Personal information
- Full name: Adnan Mahmoud Haidar
- Date of birth: 3 August 1989 (age 36)
- Place of birth: Drammen, Norway
- Height: 1.80 m (5 ft 11 in)
- Position: Midfielder

Team information
- Current team: Klemetsrud [no] (player-assistant coach)

Youth career
- 0000–2001: Klemetsrud [no]
- 2001–2008: Vålerenga

Senior career*
- Years: Team / Apps / (Gls)
- 2008–2010: Vålerenga 2 / 4 / (0)
- 2008–2011: Vålerenga / 18 / (0)
- 2009: → Skeid (loan) / 9 / (0)
- 2012–2013: Stabæk 2 / 7 / (2)
- 2012–2013: Stabæk / 43 / (0)
- 2014: Bryne 2 / 7 / (2)
- 2014: Bryne / 19 / (0)
- 2015: HamKam / 17 / (1)
- 2016: Moss 2 / 1 / (0)
- 2016: Moss / 22 / (1)
- 2016–2017: Klemetsrud [no] (futsal) / 9 / (9)
- 2017: KFUM 2 / 2 / (2)
- 2017: KFUM / 14 / (3)
- 2017–2020: Ansar / 42 / (1)
- 2021: Holmlia / 11 / (3)
- 2022–: Klemetsrud [no] / 89 / (39)
- 2024–2025: Klemetsrud [no] (futsal) / 7 / (6)

International career
- 2005: Norway U16 / 9 / (0)
- 2008: Norway U19 / 7 / (0)
- 2012–2019: Lebanon / 37 / (1)

Managerial career
- 2022–: Klemetsrud [no] (assistant)

= Adnan Haidar =

Association football player and coach (born 1989)

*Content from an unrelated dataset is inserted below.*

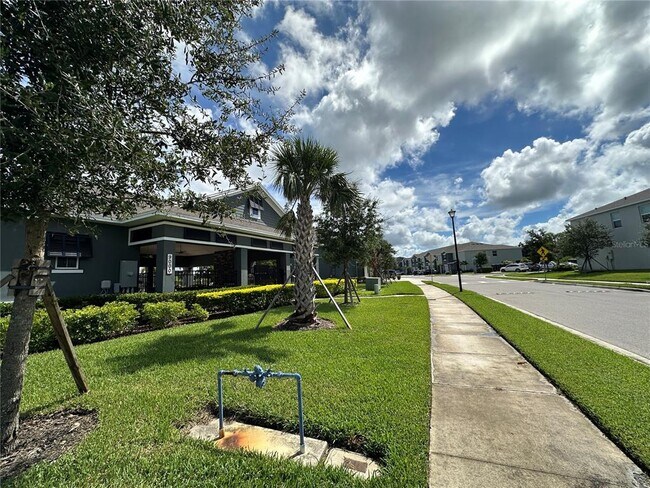 Building Photo - 8813 Milestone Dr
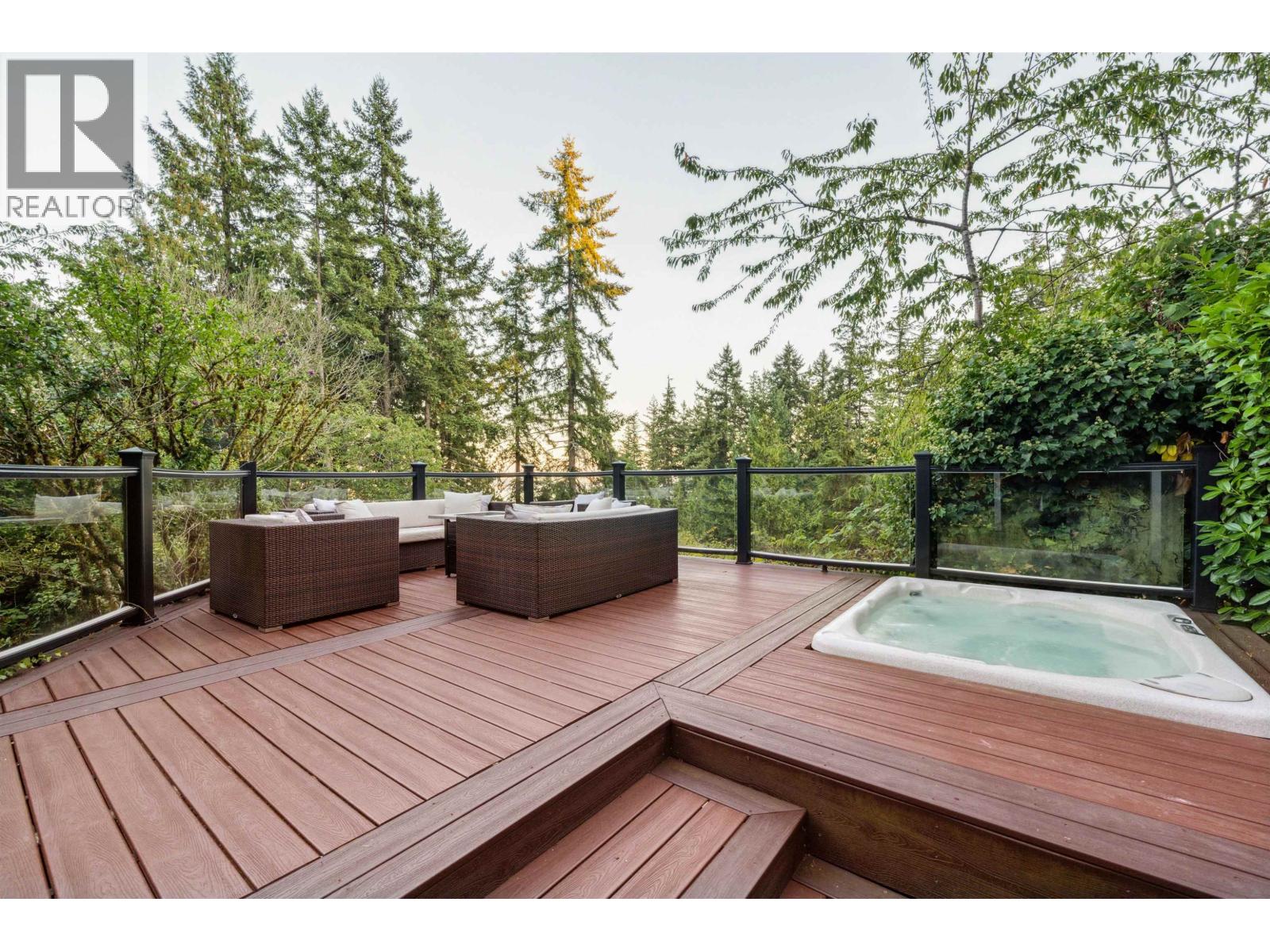 Photo 19 of 3714 Southridge Place, West Vancouver BC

Adnan Mahmoud Haidar (عدنان محمود حيدر, /apc-LB/; born 3 August 1989) is a professional football player and coach. A midfielder, he is a player-assistant coach for Norwegian club Klemetsrud.

Born and raised in Norway, Haidar represented them at youth level internationally before switching allegiance for Lebanon at senior level. He played for Lebanon at the 2019 AFC Asian Cup.

== Early life ==
Haidar was born in Drammen, Norway, to Lebanese parents, and grew up in Oslo, where he lived in the Klemetsrud neighborhood. He began playing football with local club Klemetsrud before joining Vålerenga's youth academy in 2001.

== Club career ==

=== Vålerenga ===
After progressing through Vålerenga's youth system, Haidar made his senior debut for the Tippeligaen club in 2008. He made three appearances in all competitions during the season and won the Norwegian Cup in his first senior campaign.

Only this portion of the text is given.